Cette directive comporte deux éléments clés:

  • les motifs pour lesquels une personne est éligible à l'octroi du statut de réfugié ou d'une protection subsidiaire,
  • le contenu de cette protection sur le territoire de l'État membre responsable de la protection, en termes de séjour, d'emploi et de droits sociaux.

Il est nécessaire de clarifier le cadre législatif, suite au développement de la jurisprudence en la matière, ainsi qu'aux fortes divergences existant entre les Etats membres, débouchant sur d'importantes variations dans les taux de reconnaissance.
Une modification proposée consiste à rapprocher les deux catégories de protections (octroi du statut de réfugié ou d'une protection subsidiaire) et à parler, d'une manière générale, de personnes bénéficiant d'une protection internationale. Toutefois, une différence de traitement demeurera possible dans trois domaines: la sécurité sociale, les mesures d'intégration et les permis de séjour.

Pour le Conseil les vues du Parlement sur l'extension de la définition de la famille se sont avérées inacceptables bien que certains progrès aient été enregistrés (ajout de l'un ou l'autre des parents ou d'un autre membre de la famille en relation avec le bénéficiaire lorsqu'ils sont déjà présents).

La lutte contre la pédophilie dans l'UE   

Jeudi seront votées les nouvelles règles pour lutter contre la pédophilie et la pornographie en ligne. La directive vise à établir des règles minimales relatives à la définition des infractions pénales et des sanctions dans le domaine de l'exploitation et des abus sexuels concernant les enfants, la pédopornographie et la sollicitation d'enfants à des fins sexuelles.

Cette criminalité évolue rapidement, notamment avec les progrès en cours de la technologie, il est donc opportun d'adopter une approche qui cherche à s'attaquer aux racines du problème. En raison de leur vulnérabilité, les enfants risquent d'être maltraités ou victimes d'abus sexuels.
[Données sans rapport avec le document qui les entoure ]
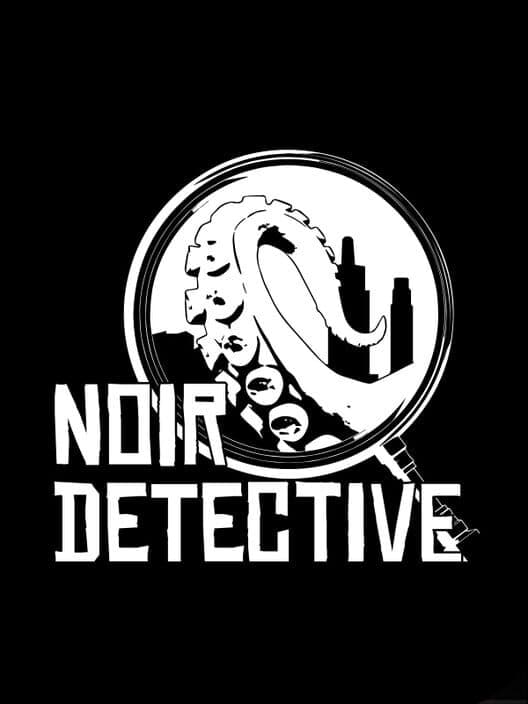 Обложка Noir Detective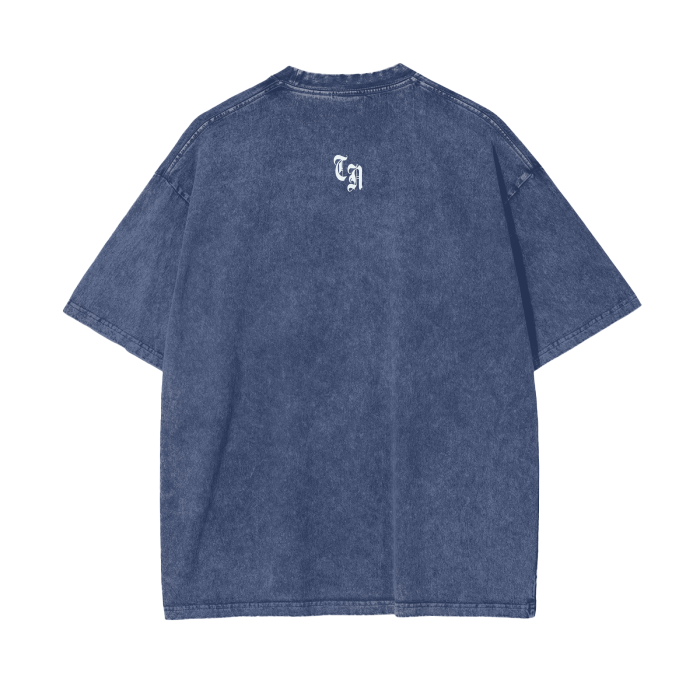 Trailnone Acid Washed T-Shirt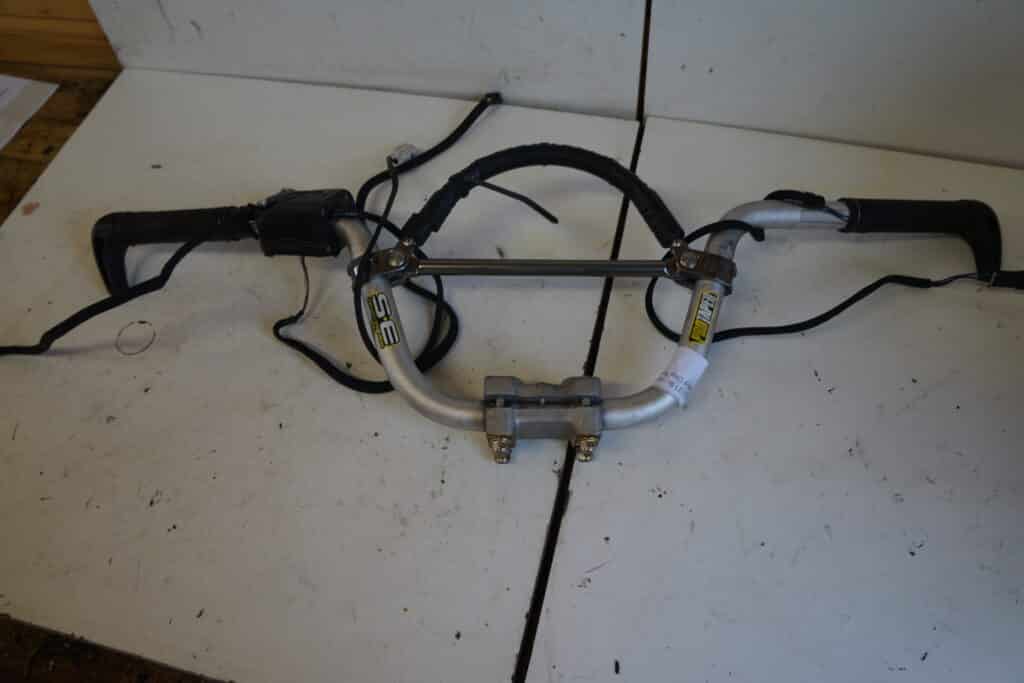 Polaris Pro-rmk 800 155” -16 Styre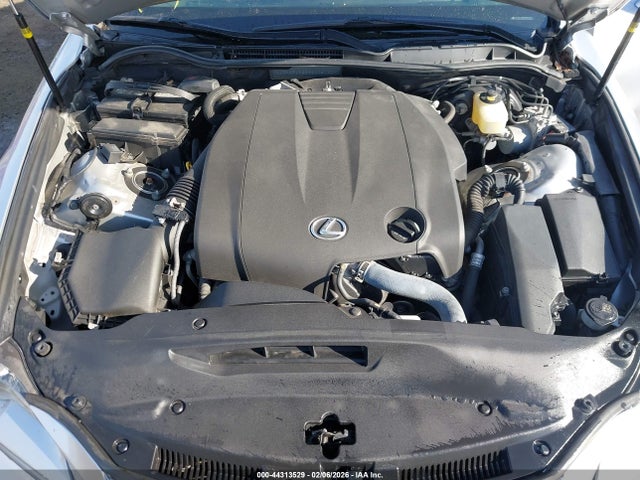 Aukcja sprzedaży 2014 Lexus Is 250, vin: JTHCF1D28E5006120, numer aukcji: 44313529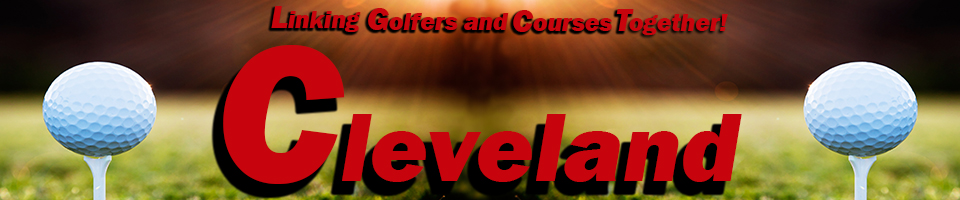 Golf in Cleveland Logo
Les associations de protection de l'enfance recommandent de définir l'"enfant" comme toute personne n'ayant pas atteint l'âge de la majorité sexuelle dans un État membre, alors qu'un "adolescent" est une personne ayant dépassé l'âge de la majorité sexuelle dans un État membre sans avoir atteint 18 ans. Cette distinction est importante du point de vue juridique.
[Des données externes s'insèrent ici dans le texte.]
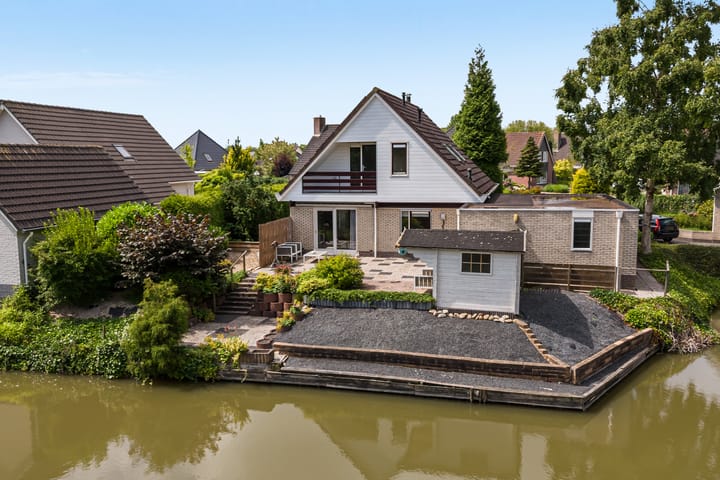 Steenhuis 17 in Delfzijl foto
Le présent avis postule que les abus et l'exploitation sexuels touchent aussi bien les filles que les garçons. Pour éviter la récidive des délinquants, il recommande la prise de mesures au niveau national, telles que la mise en place d'un numéro de téléphone gratuit pour les personnes qui pensent commettre un acte pédophile. Un aspect bien souvent délaissé est la nécessité de prévoir une assistance et des conseils à la famille du délinquant.

Il y a d'intenses discussions sur la question de la suppression du contenu et du verrouillage des sites de pornographie en ligne. La difficulté réside dans la nécessité de trouver un équilibre minutieux entre la réglementation démocratique de l'internet, la liberté d'expression, et la protection et le bien-être des enfants.

Enfin le Président du Parlement Jerzy Buzek et les dirigeants des groupes politiques termineront jeudi cette session plénière par une note plus légère, en choisissant le lauréat 2011 du Prix Sakharov pour la liberté de l'esprit de cette année.